Work to complete:
Output the span of lines from the one that contains "Dentist cleans a" through the end of the records, inclusive, exactly as written and free of pictures.
*** Begin section ***
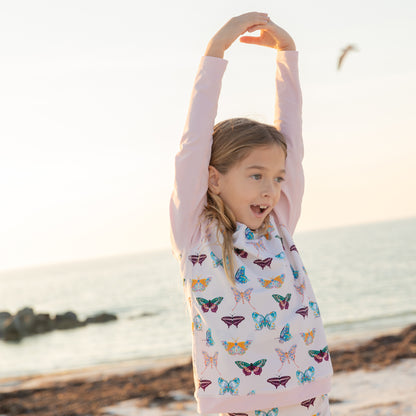 Young girl with arms raised on a beach wearing a butterfly-patterned rashguard.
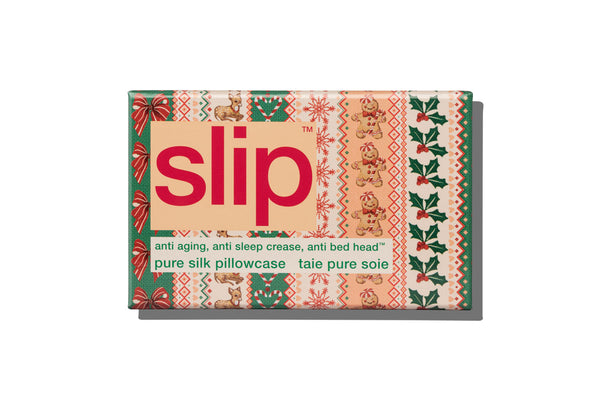 A Slip brand silk pillowcase box, featuring a festive Christmas-themed pattern with green holly, red ornaments, and beige teddy bears on a white background.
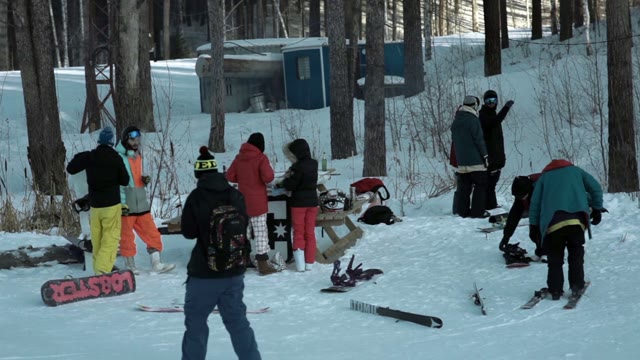 Skiers Relaxing In Nature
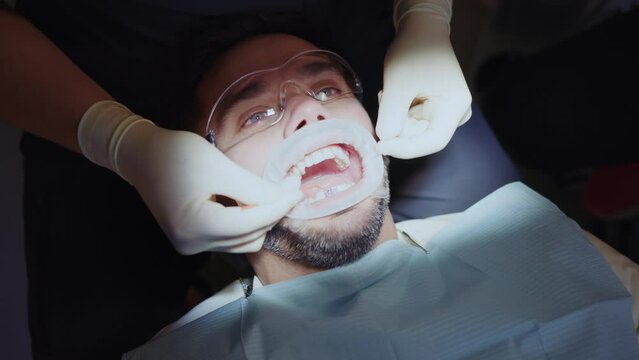 Dentist cleans a man's teeth. Hydience and healthy in modern clinic. Healthcare. Protective glasses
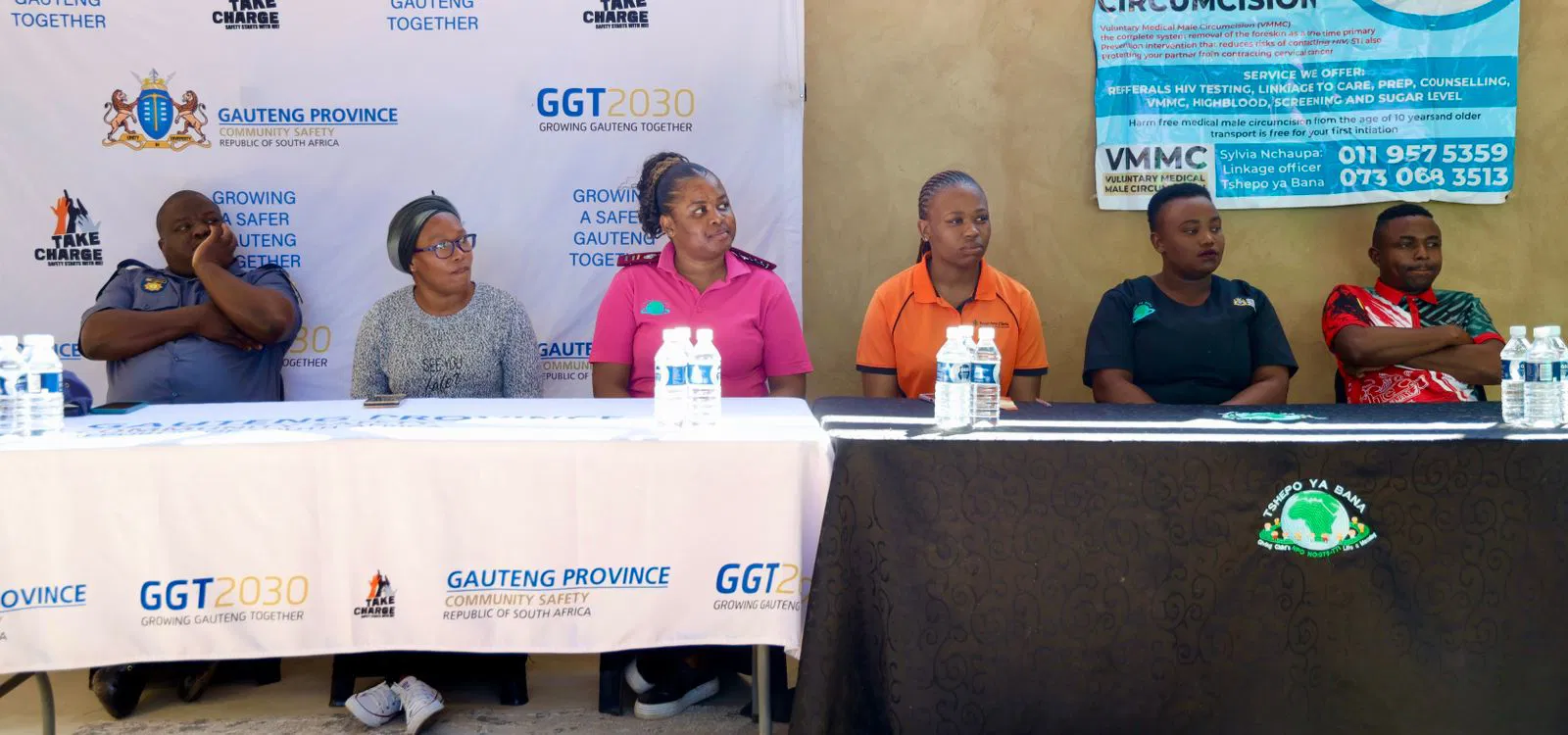 Smiling young woman with curly hair sitting at a laptop, in front of a teal wall.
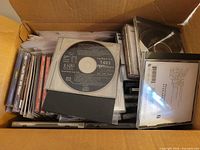 overview of box contents showing mixed CDs and sleeves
*** End section ***
Expected answer:
 Dentist cleans a man's teeth. Hydience and healthy in modern clinic. Healthcare. Protective glasses
 Smiling young woman with curly hair sitting at a laptop, in front of a teal wall.
 overview of box contents showing mixed CDs and sleeves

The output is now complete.